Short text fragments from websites
• • • • •

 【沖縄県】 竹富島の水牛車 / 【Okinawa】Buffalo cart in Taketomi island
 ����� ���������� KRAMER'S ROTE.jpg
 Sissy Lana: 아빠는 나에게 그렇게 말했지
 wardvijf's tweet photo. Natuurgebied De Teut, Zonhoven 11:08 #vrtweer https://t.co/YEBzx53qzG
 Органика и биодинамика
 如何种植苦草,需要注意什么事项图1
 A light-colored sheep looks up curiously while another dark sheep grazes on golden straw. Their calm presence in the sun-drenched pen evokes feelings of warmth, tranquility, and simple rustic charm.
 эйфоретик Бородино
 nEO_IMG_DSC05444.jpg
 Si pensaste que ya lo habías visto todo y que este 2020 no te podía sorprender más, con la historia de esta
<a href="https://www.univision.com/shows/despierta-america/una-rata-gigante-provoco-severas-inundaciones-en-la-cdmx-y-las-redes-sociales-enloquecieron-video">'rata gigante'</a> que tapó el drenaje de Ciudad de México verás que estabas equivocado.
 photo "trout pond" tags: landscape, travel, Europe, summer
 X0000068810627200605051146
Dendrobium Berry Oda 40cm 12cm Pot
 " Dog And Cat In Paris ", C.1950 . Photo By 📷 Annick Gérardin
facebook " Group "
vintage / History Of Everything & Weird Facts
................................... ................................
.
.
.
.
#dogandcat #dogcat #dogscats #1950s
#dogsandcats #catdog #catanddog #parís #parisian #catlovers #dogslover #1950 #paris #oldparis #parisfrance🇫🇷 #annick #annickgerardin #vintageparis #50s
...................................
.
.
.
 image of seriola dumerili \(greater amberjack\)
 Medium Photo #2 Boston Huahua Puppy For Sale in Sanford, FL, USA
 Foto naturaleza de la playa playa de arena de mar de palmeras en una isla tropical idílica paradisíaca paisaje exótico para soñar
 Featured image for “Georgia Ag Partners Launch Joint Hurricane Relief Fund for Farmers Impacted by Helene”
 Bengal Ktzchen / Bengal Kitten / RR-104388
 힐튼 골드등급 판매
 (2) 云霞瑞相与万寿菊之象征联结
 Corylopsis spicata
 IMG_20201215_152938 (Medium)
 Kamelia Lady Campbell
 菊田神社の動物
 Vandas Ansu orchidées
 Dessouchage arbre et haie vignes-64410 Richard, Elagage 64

• • • • •

What you have to do
Please retype the data exactly as it stands, from its first line down to the line that contains "Si pensaste que", then stop.

Response to this exercise
 【沖縄県】 竹富島の水牛車 / 【Okinawa】Buffalo cart in Taketomi island
 ����� ���������� KRAMER'S ROTE.jpg
 Sissy Lana: 아빠는 나에게 그렇게 말했지
 wardvijf's tweet photo. Natuurgebied De Teut, Zonhoven 11:08 #vrtweer https://t.co/YEBzx53qzG
 Органика и биодинамика
 如何种植苦草,需要注意什么事项图1
 A light-colored sheep looks up curiously while another dark sheep grazes on golden straw. Their calm presence in the sun-drenched pen evokes feelings of warmth, tranquility, and simple rustic charm.
 эйфоретик Бородино
 nEO_IMG_DSC05444.jpg
 Si pensaste que ya lo habías visto todo y que este 2020 no te podía sorprender más, con la historia de esta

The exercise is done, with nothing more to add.